Morphology of Broad Emission Lines from Binary Supermassive Blackholes

Abstract

Abstract Accretion onto a blackhole can indue extreme radiation stimulating emission lines in nearby gases. In the deep gravitational well, these clouds move at speeds up to 10,000 km/s, and so broadens the emission lines via the relativistic Doppler Effect. These broad emission lines on spectra are the most prominent feature of AGNs. The region around central black hole, where such broad emission lines are produced, is known as the broad-line region (BLR). We developed a self-consistent model to describe both the geometry of the BLR and the dynamics of the gas clouds in the BLR. The motion of clouds is described by a series of Keplerian orbits.
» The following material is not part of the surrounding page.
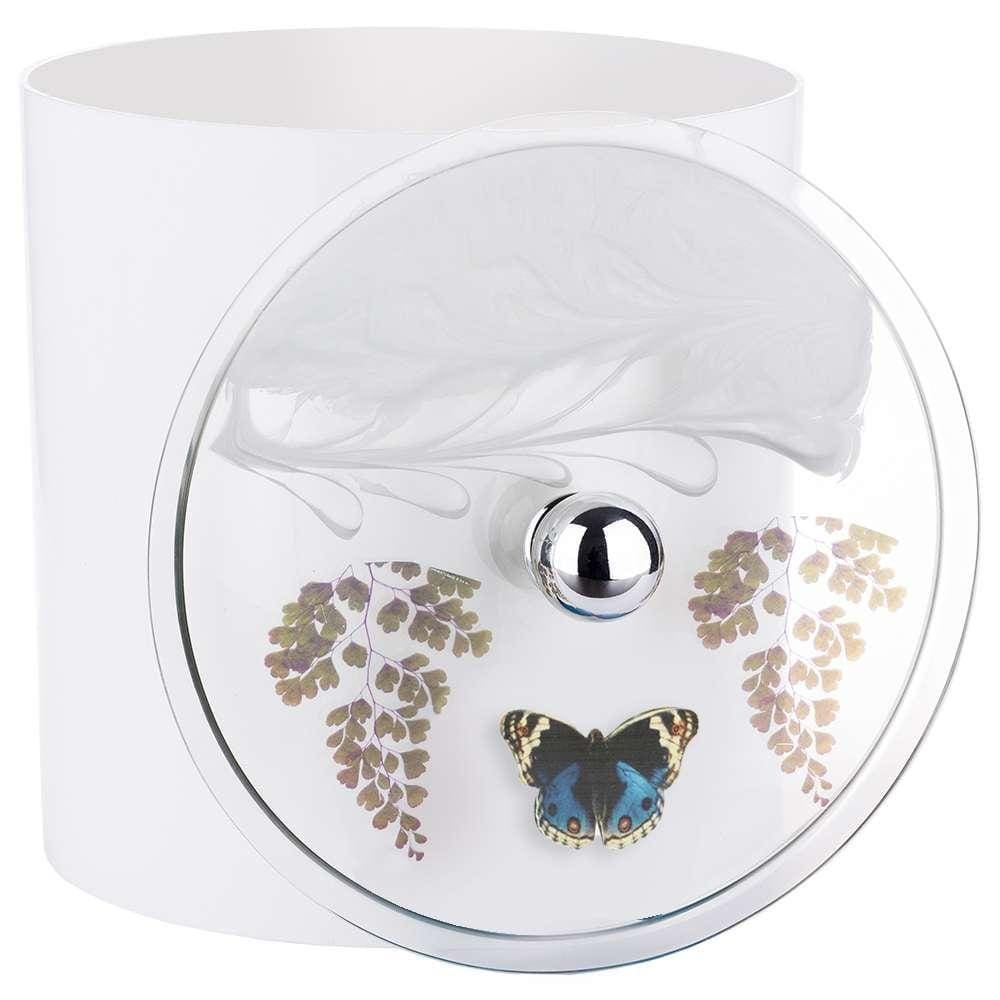 Lixeira Decorada Branca com Borboleta Azul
The spectral shift of emission line can be derived by the radial velocity at each point in Keplerian orbits. Assuming that the BLR is stable, that is, the structure and distribution of gas in BLR doesn’t change over a considerable period of time, the accumulated emission line profile can be constructed by simple addition of all Keplerian orbits in the BLR. By comparing the calculated profiles to spectra observed in SDSS (Sloan Digital Sky Survey), we found that our model can satisfactorily match most observed profiles. We attempted to review and summarize potential binary AGNs. We applied the model to the study of binary AGNs and their profiles of emission lines. We considered the velocity offset due to mutual Keplerian motion of black holes in binary and added their respective profiles to produce the final, resulting emission line profile from binary AGNs. Three kinds of emission line profiles are featured in our simulations: twin-peak structures where two strong broad-lines are present; sub-peak structures where a smaller but still visible emission line accompanies the dominant line; single broad emission peak but with significant velocity offset from the systematic redshift that is derived from the narrow emission-lines on the same spectrum. We then analyzed 1,348 AGN spectra with high S/N ratio in SDSS database, and selected 26 as candidate binary supermassive blackhole systems. These candidates are valuable for following-up observation, their binary nature could be confirmed by detecting the profile variation due to orbital motions.